La conferma delle indicazioni già note – cioè il divieto di sacerdozio per chi ha tendenze omosessuali profondamente radicate ma anche per chi sostiene la cultura gay – più che rassicurare fa emergere la schizofrenia in materia che caratterizza la Chiesa oggi. Pur tralasciando la non irrilevante realtà di preti e monsignori che purtroppo assecondano certe tendenze, non si può non vedere che negli ultimi decenni si è fatto strada nei seminari e nelle facoltà pontificie un magistero parallelo che pretende di considerare l’omosessualità una normale variante dell’orientamento sessuale.
E negli ultimi tempi tale prassi si è fatta sempre più palese, conquistando apertamente spazio sui media cattolici ufficiali, oltre che essere venuta allo scoperto nel doppio Sinodo dedicato alla famiglia. Avvenire e Tv2000 – come del resto abbiamo fatto notare diverse volte – guidano da tempo il treno catto-gay. Ed è evidente che non potrebbero farlo senza una precisa volontà dell’editore, che è la Conferenza episcopale italiana nella persona di monsignor Nunzio Galantino, lui stesso presentatosi come l’autore del piano editoriale dei media Cei.
Tanto per fare un ulteriore esempio basta sfogliare l’ultimo numero dell’inserto mensile “Noi - famiglia e vita”, dove un grande spazio è dato alla valorizzazione dei gruppi cristiani Lgbt. A parlarne è il gesuita padre Pino Piva, che ormai è un punto di riferimento fisso per Avvenire e Tv2000, colui che detta la linea.
Come nel miglior stile clericale si gioca sull’ambiguità di parole come "accoglienza" e "ascolto", e per fare questo si dipinge una Chiesa che nel passato non ha mai voluto ascoltare né accogliere: una chiara menzogna, che non trova riscontro né nei documenti ufficiali né nella prassi quotidiana; lo possono dimostrare migliaia di sacerdoti che nel loro ministero si sono trovati molte volte ad ascoltare e accompagnare persone con tendenze omosessuali.
Ciò che invece padre Piva e chi guida Avvenire e Tv 2000 vuole non è l’accoglienza delle persone ma la legittimazione di uno stile di vita. Si ricorderà come a Tv2000 lo stesso padre Piva portò esperienze di coppie omosessuali, così come tutti possono verificare come durante il dibattito sulla legge Cirinnà, Avvenire ha difeso a spada tratta la legittimità di riconoscere le unioni omosessuali (seppure da non definire famiglia) come portatrici di un incremento di solidarietà nella società. Lo dimostra inoltre anche il fatto che in tutta questa valorizzazione di cammini pastorali per persone Lgbt vengono ignorate dalla Cei le esperienze che accompagnano davvero le persone con tendenze omosessuali secondo il giudizio della Chiesa (vedi Courage e Associazione Lot). E ancora: è diventato ormai un appuntamento fisso ad Albano Laziale l’incontro annuale dei gruppi cristiani Lgbt sotto l’egida del vescovo Marcello Semeraro, segretario del Consiglio dei cardinali che affianca il Papa per la riforma della Curia.

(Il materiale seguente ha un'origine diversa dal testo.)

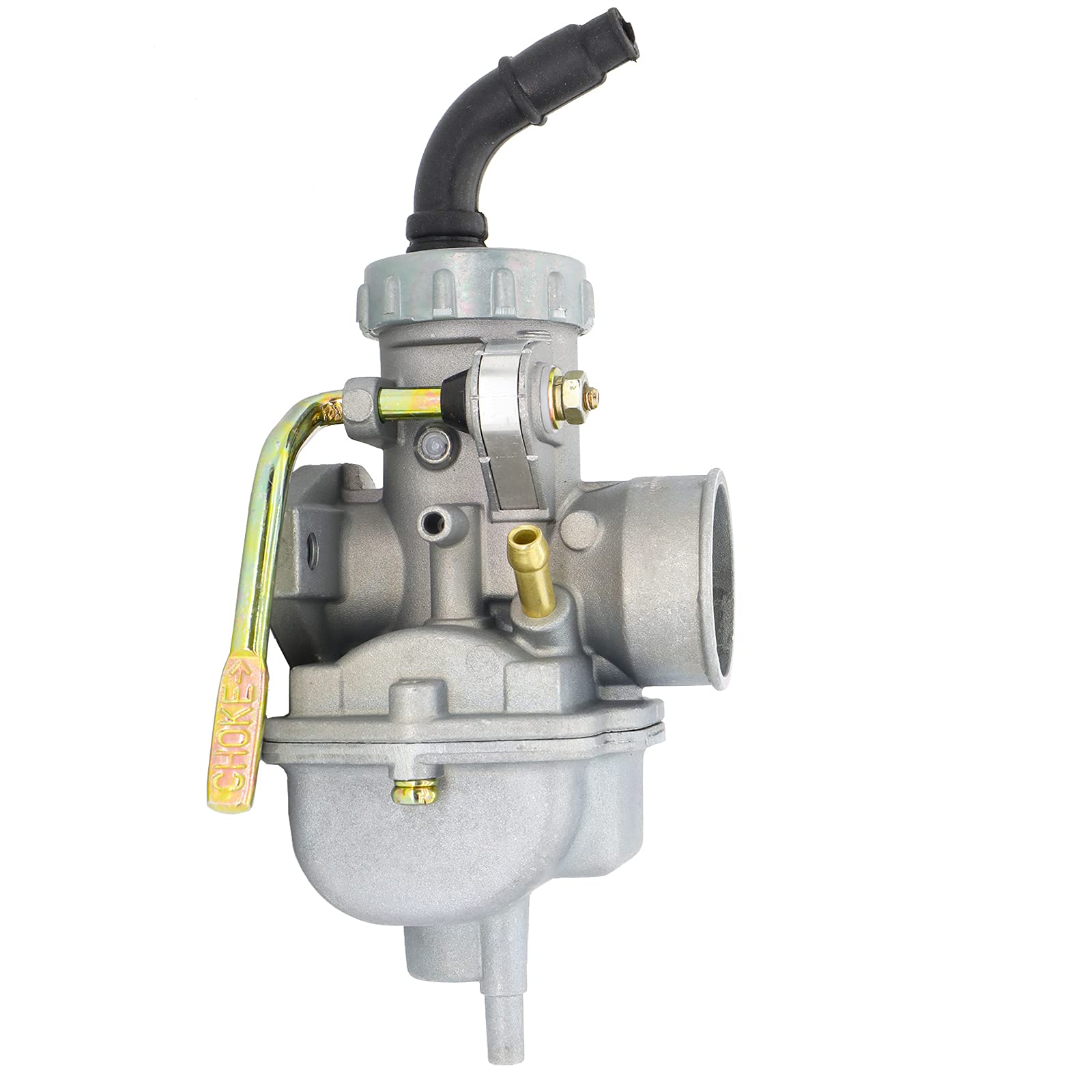 FYSHIQING PZ20 Carburetor for Kazuma Baja 50cc-125cc ATV, Go Kart, Dirt Bike - Includes 35MM Air Filter & Inlet Pipe Manifold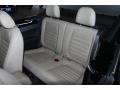2013 Volkswagen Beetle 2.5L Convertible 50s Edition Rear Seat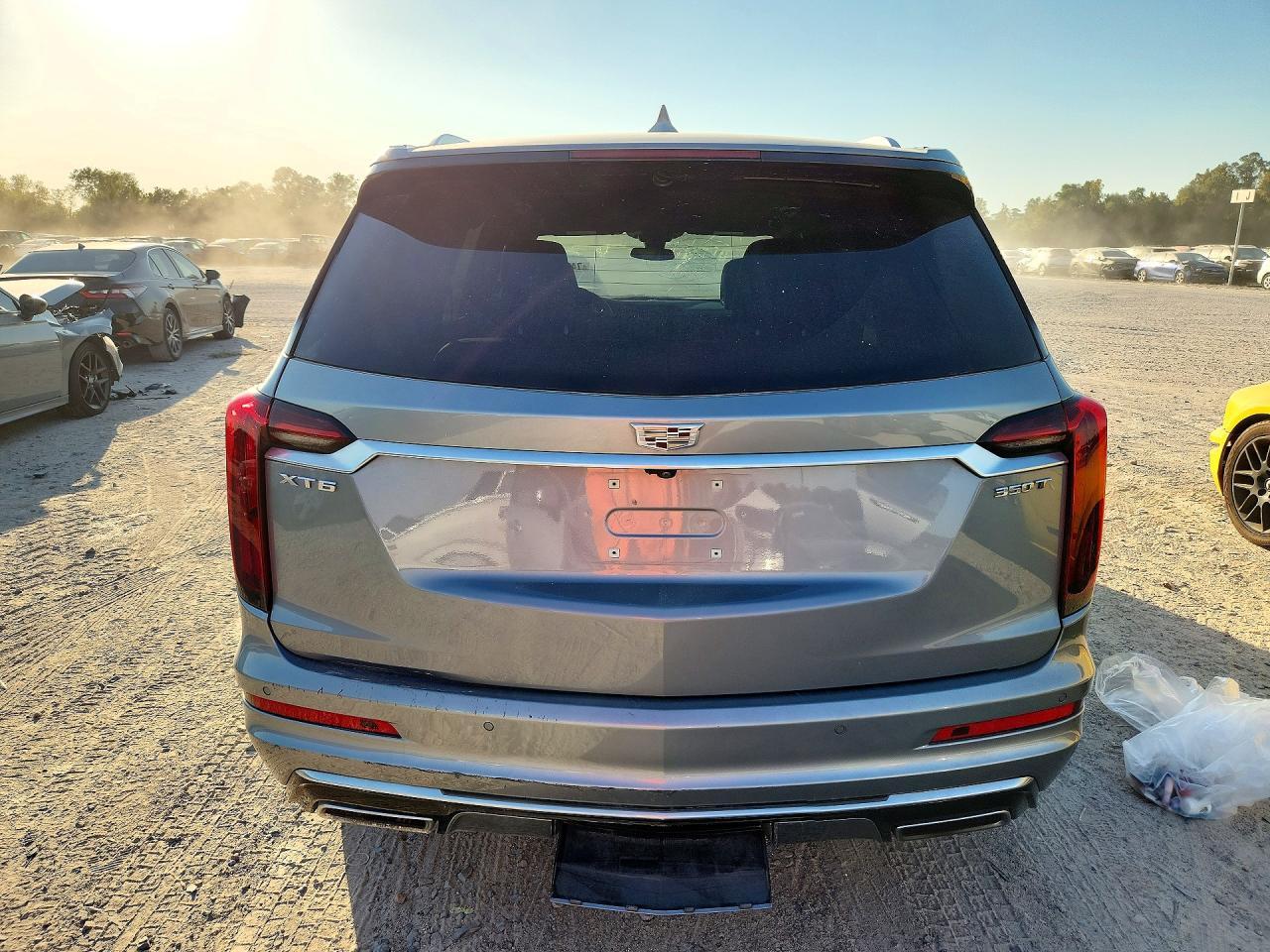 2025 Cadillac Xt6 Luxury - Фото 6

Di pari passo si fa sempre più forte la richiesta di cambiare anche il catechismo della Chiesa laddove afferma che l’omosessualità è «oggettivamente disordinata», peraltro con nuove interpretazioni decisamente fantasiose dei passi biblici in cui si parla di omosessualità.
Questo documento della Congregazione per il Clero è dunque importante nel ribadire la verità del disegno creatore di Dio, che non è rivedibile a seconda delle ideologie di moda. Ma proprio per questo non si capisce come possa essere lasciata allora mano libera a questa tendenza catto-gay che, come abbiamo visto, è in tumultuosa crescita e ben piazzata ai vertici della Chiesa. E se ai seminaristi con certe tendenze radicate o che sono sostenitori della cultura gay (magari perché hanno seguito l’insegnamento di qualche vescovo) si deve dire di no per l’ordinazione sacerdotale, cosa si deve fare con coloro che, già sacerdoti e vescovi, presentano gli stessi problemi? E chi dovrebbe intervenire sui media Cei per correggere la rotta?
Sono domande a cui la Congregazione per il clero, se vuole essere presa sul serio, dovrebbe rispondere.